But I can do it in the practice room

Every week I hear students play badly, then tell me, “but I can do it in the practice room…”

Here are some reasons things might go more poorly in a lesson than in a practice session, and some strategies for dealing with those problems.

photo, Derek Bruff
photo, Derek Bruff
  • It’s possible that you’re not really playing any differently. Things seem worse because having someone else listen heightens your sense of what you really sound like. Try recording yourself while practicing, then listening back. It can be a painful revelation, but it can bring problems to your attention and improve your ability to really hear yourself as you play.
  • It’s possible that your mastery of the music is really only borderline, and the normal stress of having an audience is enough to cause trouble.
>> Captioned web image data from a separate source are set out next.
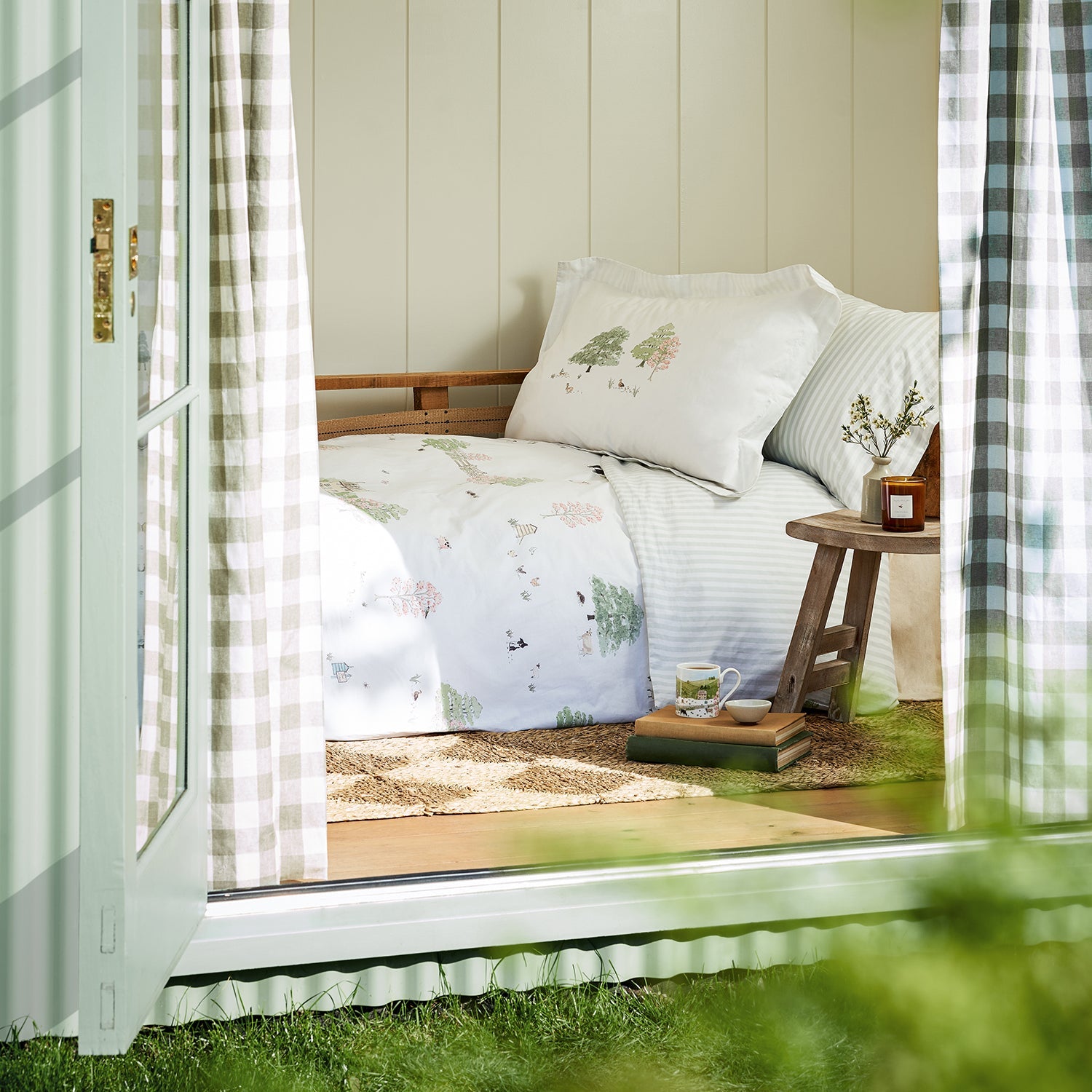 White cotton bedding set with spring cottage print by Sophie Allport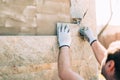 Worker installing stone tiles on wall on construction site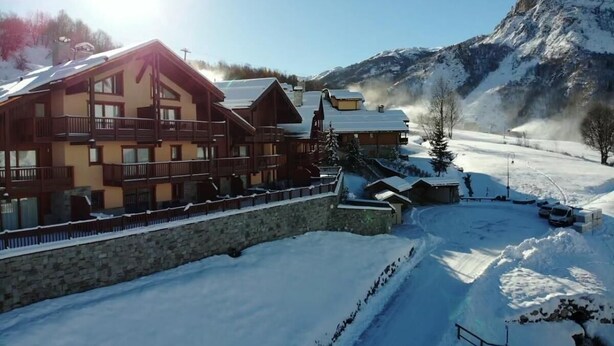 Un edificio de estilo chalet con varios balcones y una pared de piedra en un paisaje nevado.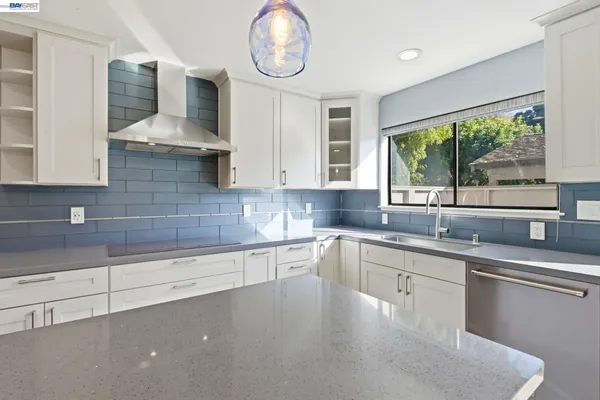 a kitchen with stainless steel appliances a sink a stove and cabinets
This is what I call “sight-reading mode.” It’s not that you are necessarily playing the music for the first time, but you are still at the point of having to mentally process each note as it goes by. For more stress-proof performance, put in more slow, accurate repetitions when practicing to build your muscle “memory” and aural memory.
  • It’s possible that your mastery of the music is good, but your stress is above normal. In this case the problem isn’t your practicing per se. Improve your ability to play in front of others with techniques for managing performance anxiety. These might include healthy lifestyle habits (sleep, nutrition, and exercise) or mental exercises (like visualization, affirmations, or mindfulness practice).

Don’t make excuses, look for solutions!